The vehicles at Sinzig which had escaped damage in the first flood were now inundated. Heavy frosts now caused damage to the engines and radiators and, where vehicles were free of the water, the frost had literally frozen them into the mud. The steering and brakes were also locked in place making recovery even more challenging. As the water finally receded the vehicles were removed to what was called the ‘New Park’, a storage area near the repair workshops.
Counting The Cost
The objective of MO in returning these vehicles to the UK to sell them on to vehicle-starved customers was shattered. Apart from those stored at Bitburg which had escaped the flooding, MO were now the owners of a devastated supply depot and almost 10,000 vehicles which required a complete rebuild.
A review of the contract and the threat of litigation showed that the US Army had been negligent and a reduction in price of 50% was agreed.
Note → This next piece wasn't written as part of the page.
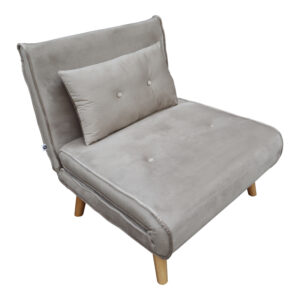 Josuane armchair-bed pakoworld gray velvet and natural wood leg 77x80x81cm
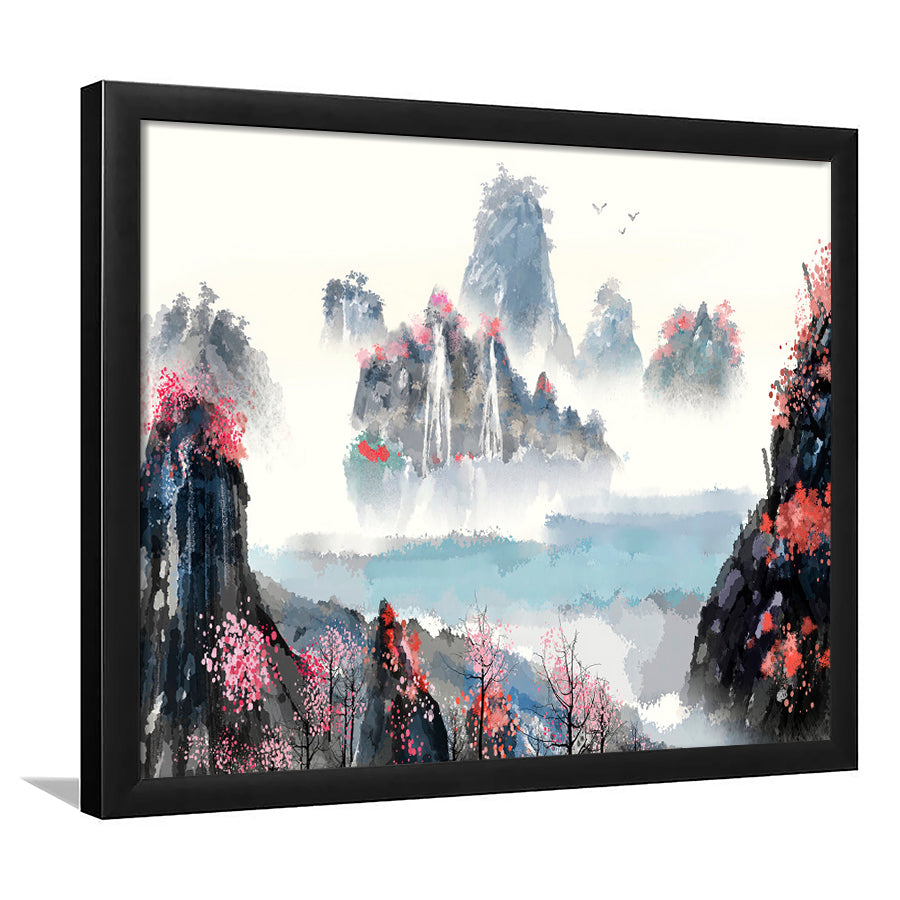 Sakura Canvas Landscape Framed Art Prints Wall Art Decor, Framed Picture, Home Decor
One good piece of news for MO was that having spotted a photographer from the Universal News Service filming the carnage they managed to convince the US occupation forces to establish an embargo preventing the publishing of any news or photographs of the event fearing that it might affect the sale price.
This obviously worked as the only surviving information on this great flood comes from a brief US Army report, the four albums provided by MO and the handful of photographs used in this article.